The accuracy issue is briefly that - roughly speaking - Mathematica gives a different numerical result for the integral with NIntegrate than for the sum with NSum. I believe that the value obtained with NIntegrate is better because the integrand is alsmost trivial (see the graph). We had a similar topic recently here.

In the meantime, Yuriy S in a comment has given this numerical value for the integral $(2)$ with Mathematica's NIntegrate, and WorkingPrecision -> 30

$$i_{Yuriy} = 0.591560779349817340213846903345$$

I can confirm this result.

I have calculated the sum with NSum and different values of WorkingPrecision. The results are wobbling appreciably about the limiting value as can be seen in the picture

enter image description here

And I can ony give this very modest result (the average)

$$s_{WH,NSum} = 0.59123$$

Alternatively, the plain Sum of the first million terms is

$$s_{WH,Sum} = 0.5910$$

The accuracy is but $\frac{1}{\sqrt{k_{max}}} \simeq 10^{-3}$

River Li in his solution $[2]$ has transformed the limiting form of the sum $(5)$ into the better converging double sum

$$s_{RL} = \log(2) + \sum_{n=1}^\infty (-1)^n n \sum_{i=1}^{n} \frac{1}{(n^2 + 2i-1)(n^2+2i)}$$

The n-summand has a closed form in terms of polygamma functions and goes asymptotically like $\frac{1}{n^2}$. Hence the convergence is similar to that of Dirichlet $\eta(2)$.

Mathematica finds 5 valid digits for $s_{RL}$ with 1000 n-summands in a few seconds, but refuses to sum 2000 terms is acceptable time.

However, River Li found twenty digits using Maple, a result he later confirmed using the "Convergence Acceleration methods for Alternating Sums" as described here $[3]$ with only 28 terms. This method claims that you can get high precision results from just a few tens of terms. Usage of the method is nicely described in the update of River Li's solution.

Hence I conclude that using summation to find the value of the sum with high accuracy as requested in problem b) needs sophisticated summation methods which provide convergence acceleration, accompanied by a good SC-tool.
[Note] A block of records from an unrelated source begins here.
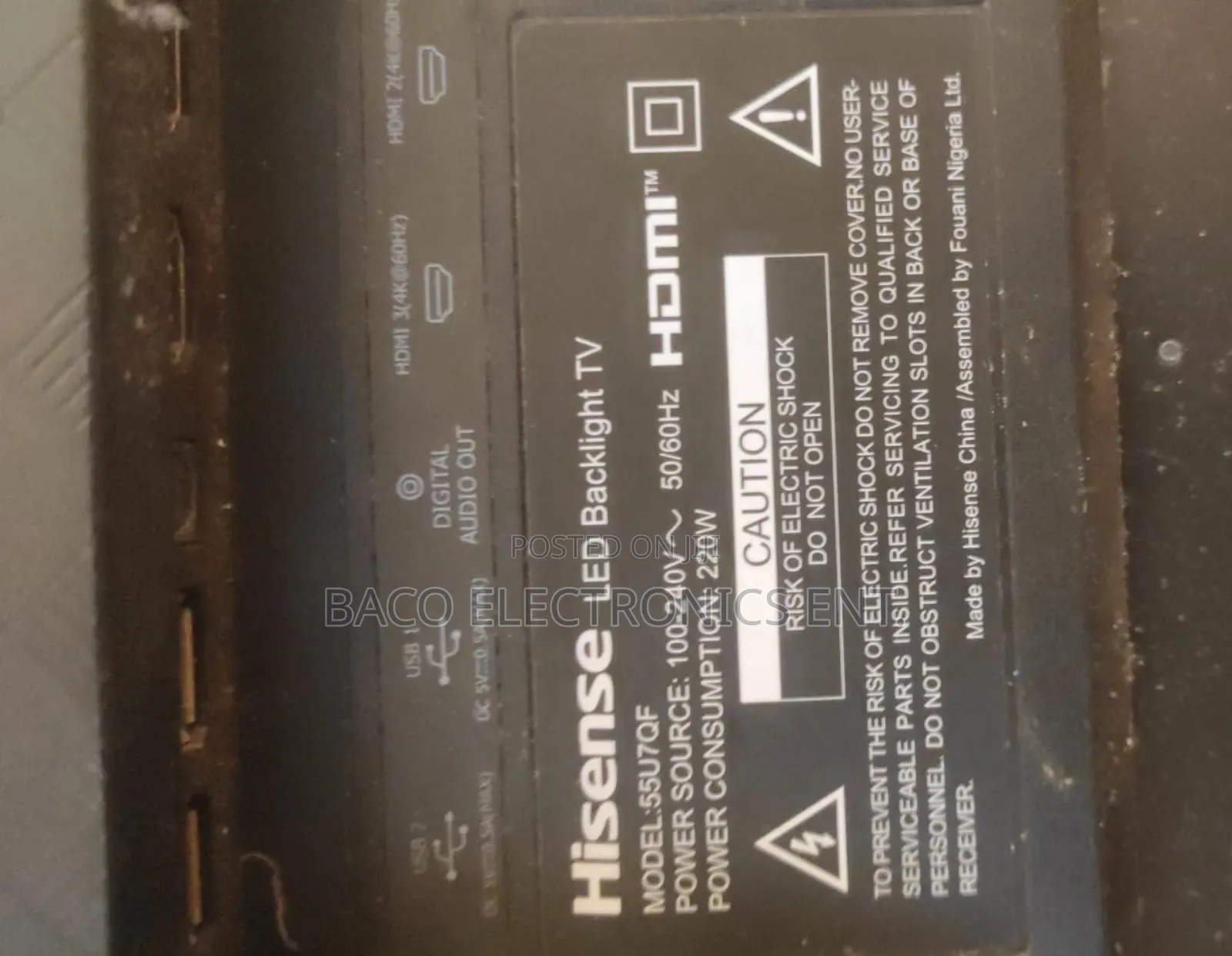 * 55inch Hisense Tv Full Smart Screen Fault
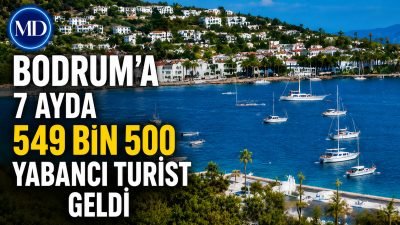 Bodrum’a 7 ayda 549 bin 500 yabancı turist geldi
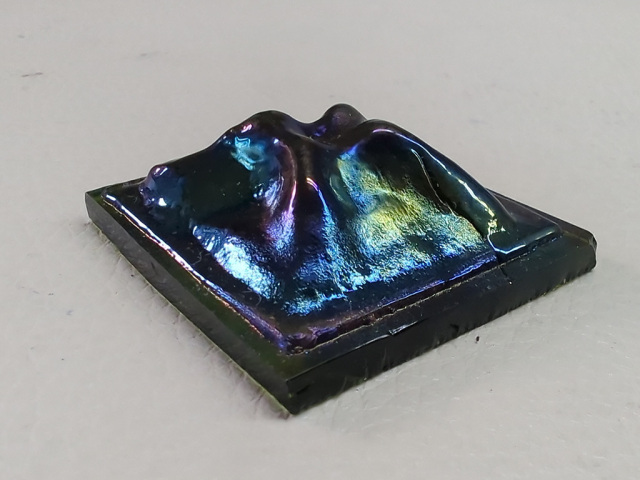 グラスジュエル ピンチバック/グリーンラスター M《LP可》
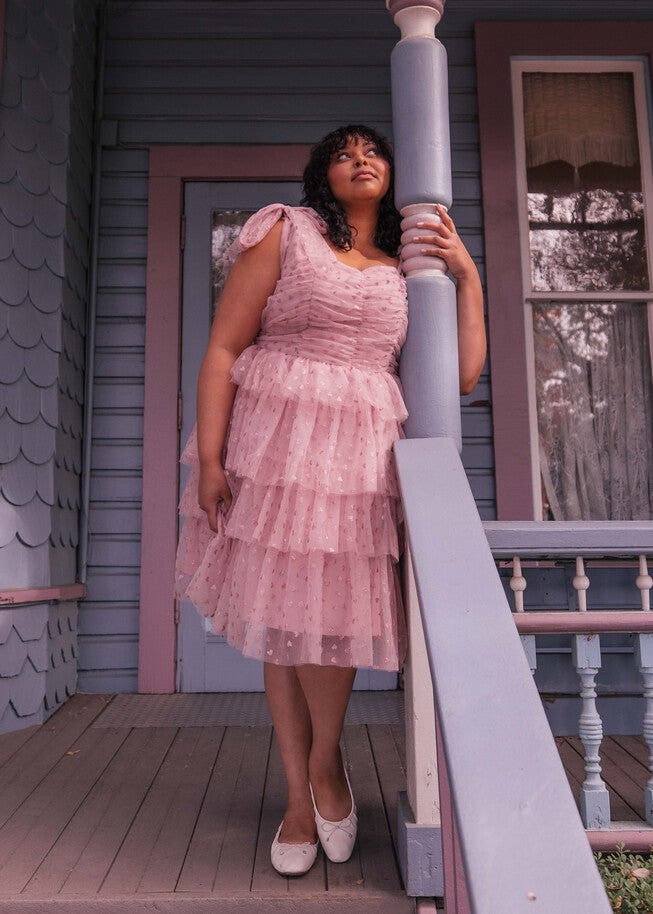 Valentina Dress, Pink / Pink, alternate image number 1
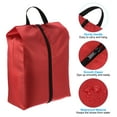 thumbnail image 3 of Uxcell Shoe Bags for Travel, Portable Shoe Bag with Zipper for Travel, Red Purple 4 Pack, 3 of 5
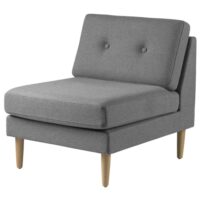 Unit 10 modulsofa - L42 Firhøj - Grå midtermodul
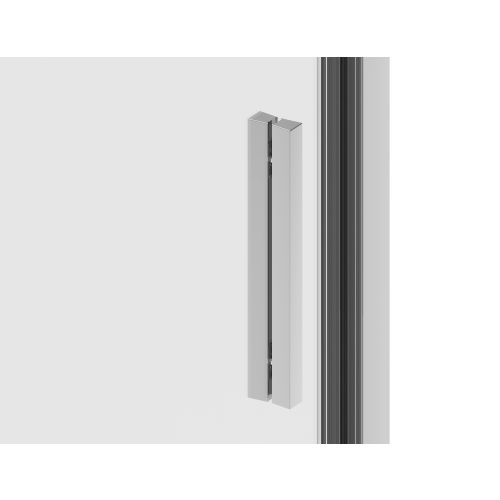 Sanotechnik - Falttür chrome 98-102x200cm 6mm Easy-Clean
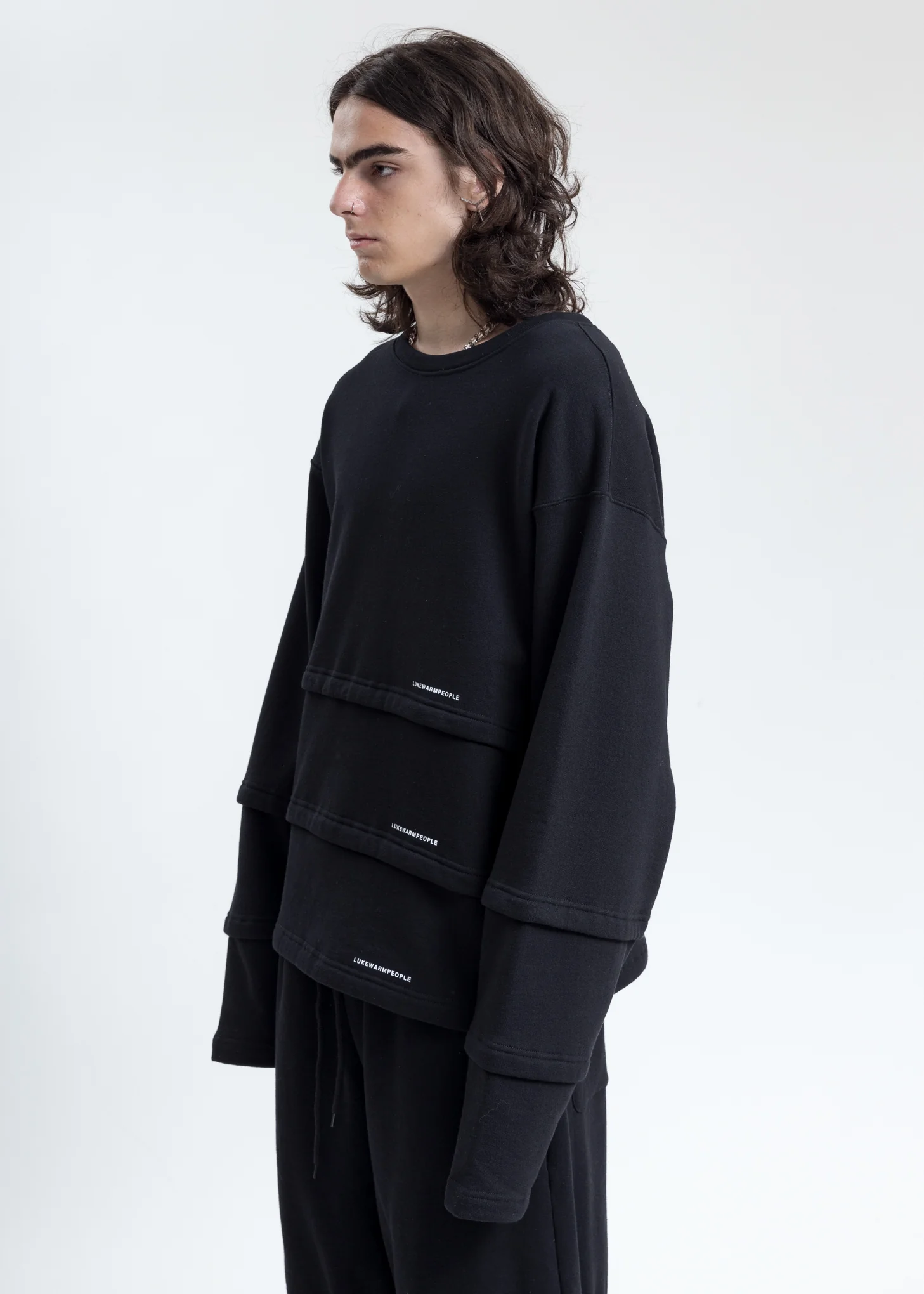 Black Triple Layer Sweatshirt - Image 3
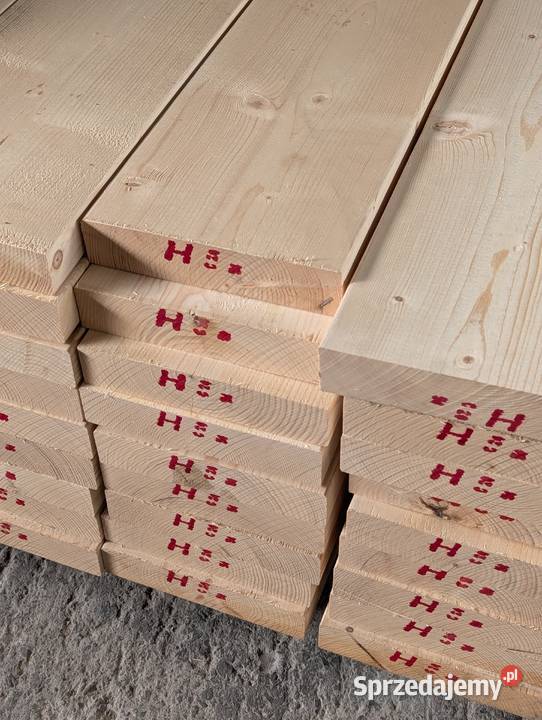 Drewno konstrukcyjne C24 45x95mm 5x10 małopolskie Uszew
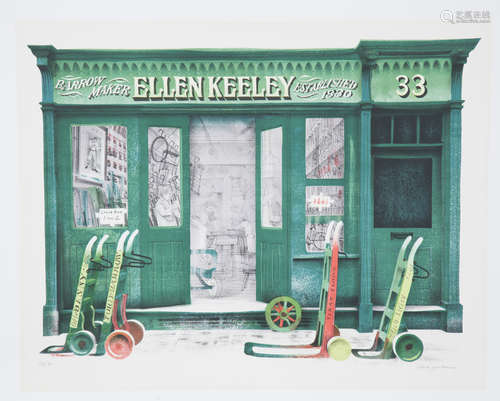 David Gentleman - Ellen Keeley's Shop, and Foreign Fruit Mar...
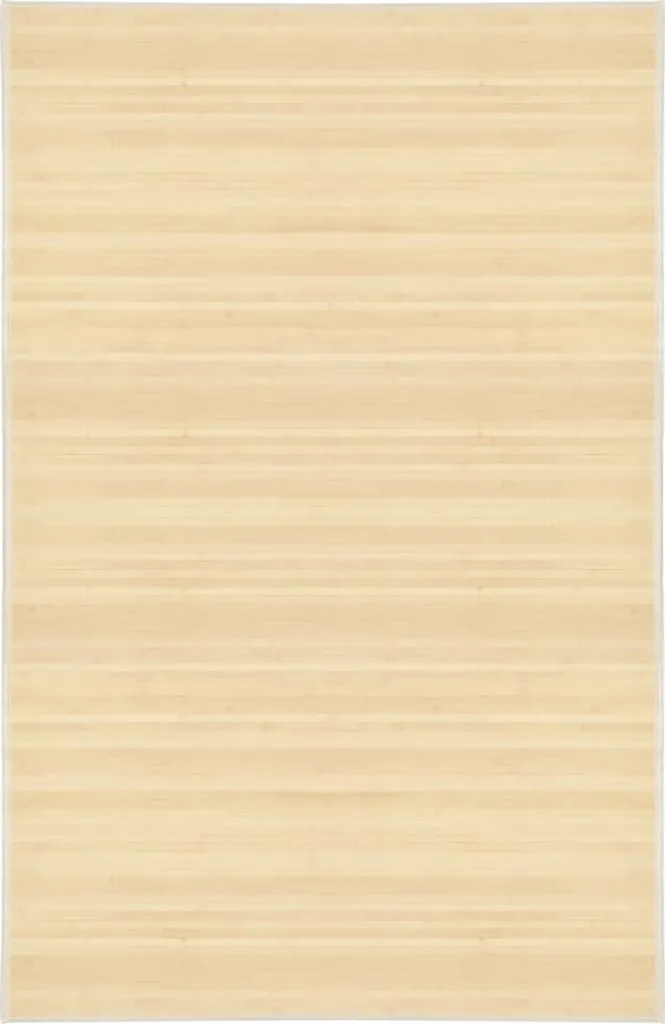 Tapis Bambou 100x160 cm pour Salon et Bureau - Confort de Marche Naturel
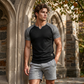 💪 50% OFF 👕 Men’s Two-Tone Athletic T-Shirt – V-Notch Collar, Raglan Sleeve Design & All-Day Comfort 🔥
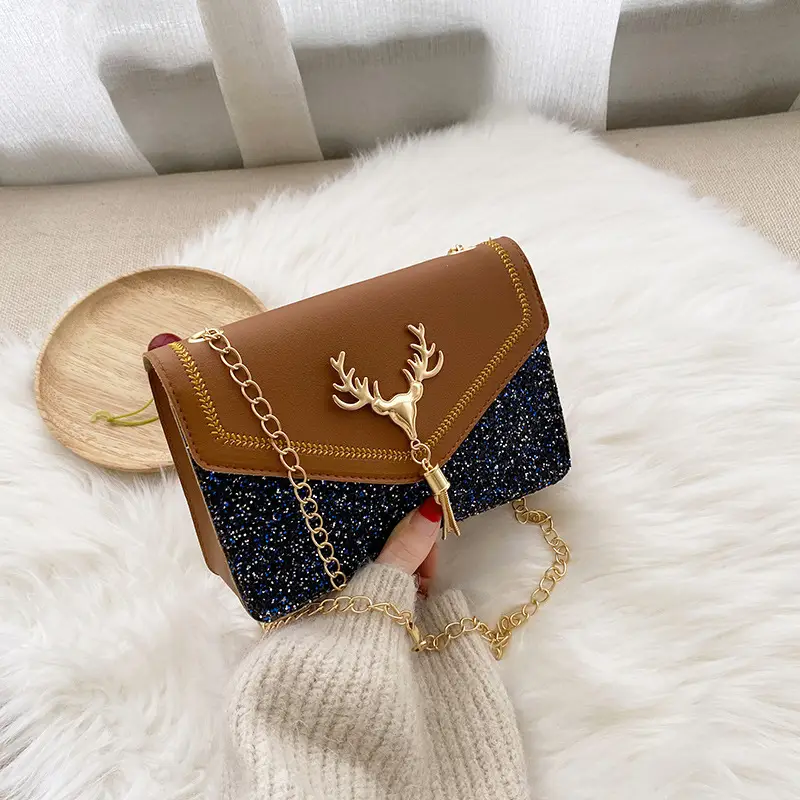 Women's Sequin Deer Tassel Shoulder Bag 2021 - Image 5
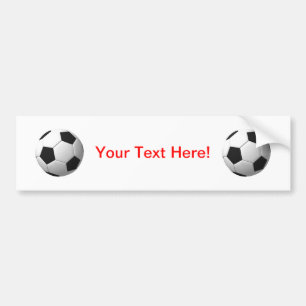 サッカーボール: バンパーステッカー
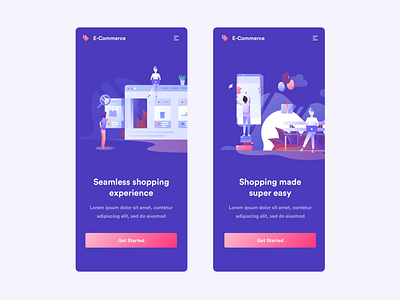 Ecommerce Animations after effects animation design illustration iphone motion motion design motiongraphics ui8 vector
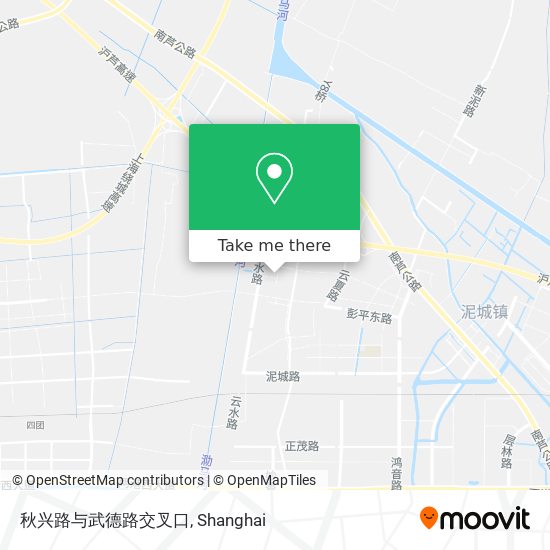 秋兴路与武德路交叉口 map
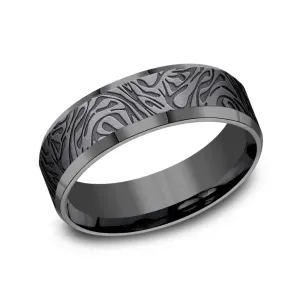 Benchmark 7mm Darkened Tantalum Band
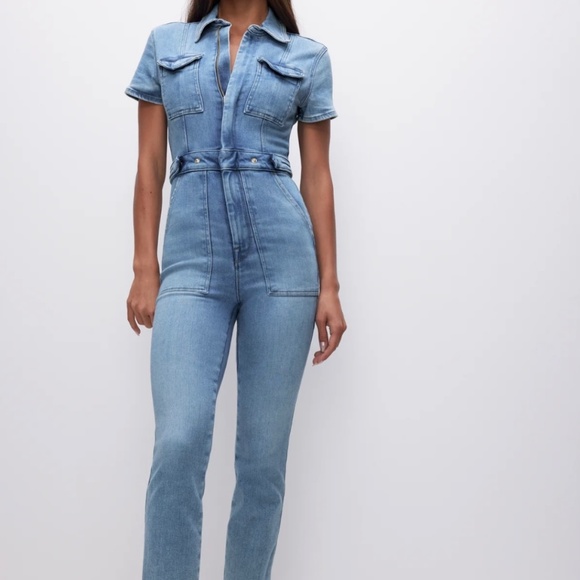 Good American Fit For Success Denim Jumpsuit *NWT* - Picture 11 of 13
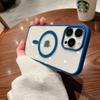 Luxury Transparent For Magsafe Magnetic Case For iPhone 15 14 13 12 11 Pro Max 15 14 Plus Wireless Charging Cover Accessories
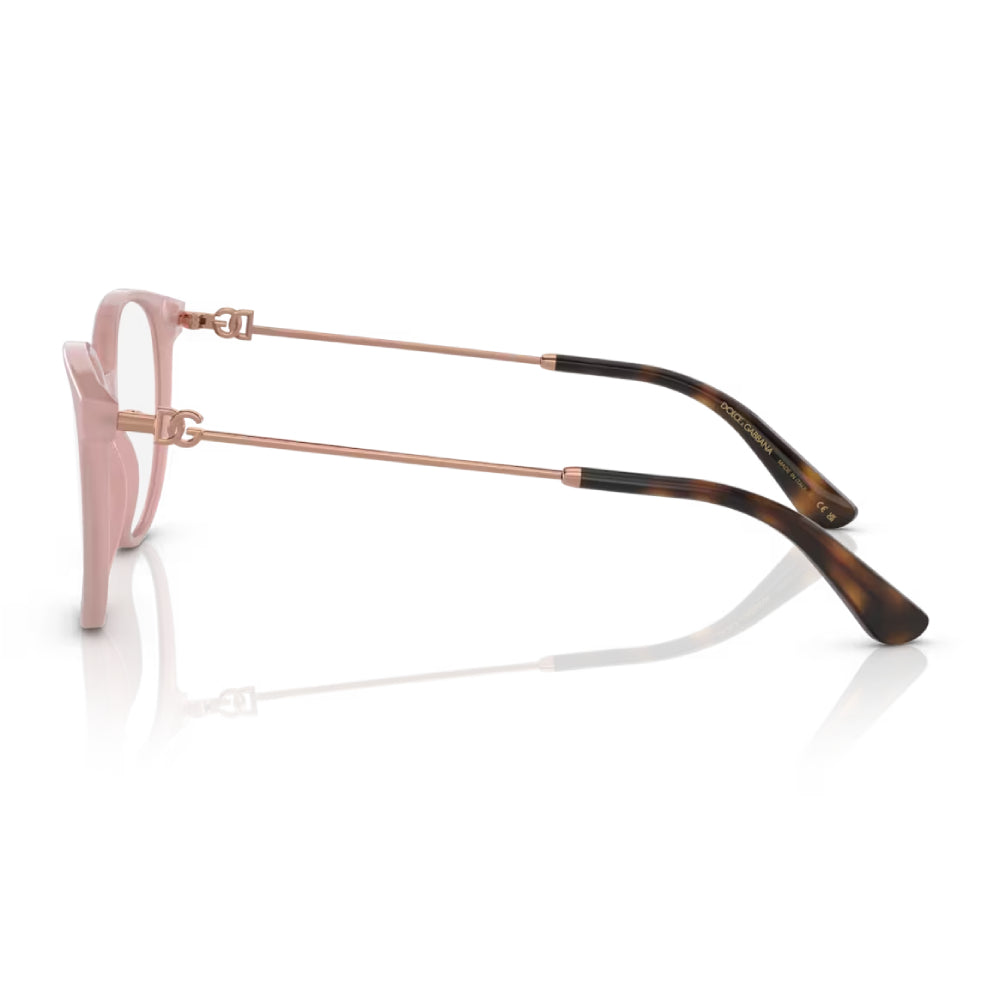 Gafas de sol Dolce & Gabbana con forma de mariposa para mujer, color rosa ópalo
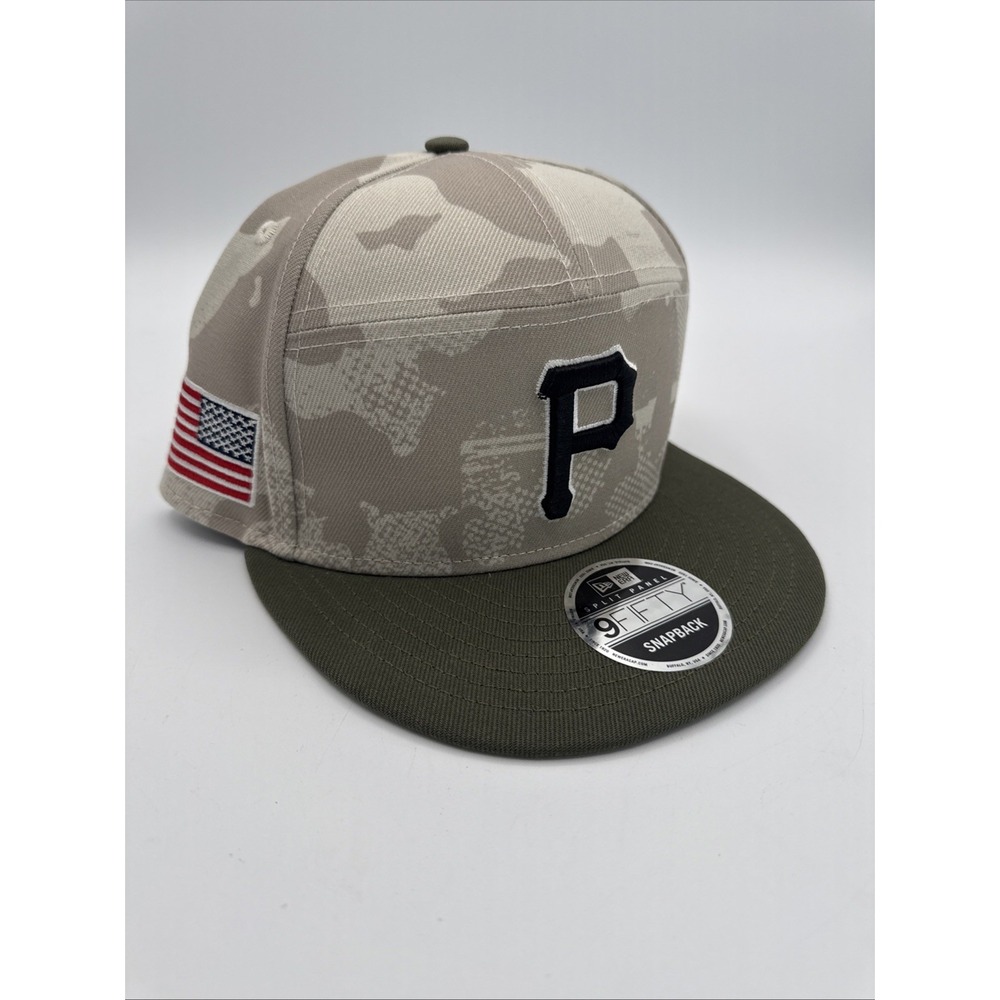 Pittsburgh Pirates New Era 2025 Armed Forces Day 9FIFTY Split Panel Snapback Hat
Here we are lucky to have the integral representation of the sum for which Mathematica delivers as many digits as requested.

4) Generalization

If we consider the similar problem with the p-th root instead of the square root we have

$$s(p) = \sum _{k=1}^{\infty } \frac{(-1)^{k+1} \left\lfloor k^{1/p}\right\rfloor }{k} = \int_{0}^{1} f(p,x)\,dx$$

where now the integrand is given by

$$f(p,x)=\frac{\sum _{m=1}^{\infty } (-1)^{m-1} x^{m^p}}{x (x+1)}$$

I know no name for this special function which replaces the Jacobi theta function.

The problem with a rational exponent $\frac{p}{q}$ with $1 \lt p\lt q$ seems to be much more difficult to tackle.

5) Using Fourier expansion

We can get rid of the floor function using the Fourier series

$$\left\lfloor x\right\rfloor = x -\frac{1}{2} + \frac{1}{\pi}\sum_{k=1}^{\infty} \frac{\sin(2 \pi k x)}{k}\tag{5.1}$$

@Jam has pursued this approach in https://math.stackexchange.com/a/3452471/198592, and ended with this sum to be evaluated

$$d=-\frac{1}{\pi}{\sum_{n\geq 1}\sum_{k\geq 1}\frac{\left(-1\right)^{n}\sin\left(2\pi k\sqrt{n}\right)}{nk}}\tag{5.2}$$

We can do the $k$-sum

$$\sum_{k\geq 1} \frac{\sin\left(2\pi k\sqrt{n}\right)}{k}= \frac{i}{2}\left(\log \left(1-e^{2 i \pi \sqrt{n}}\right)-\log \left(1-e^{-2 i \pi \sqrt{n}}\right)\right) \\ = \frac{1}{2} i \log \left(\frac{1-e^{2 i \pi \sqrt{n}}}{1-e^{-2 i \pi \sqrt{n}}}\right)\\ =\frac{1}{2} i \log \left(-e^{2 i \pi \sqrt{n}}\right)\tag{5.3}$$

For a square integer $n$ this expression diverges.

Hence we have to take the limit when $n$ goes to a square integer.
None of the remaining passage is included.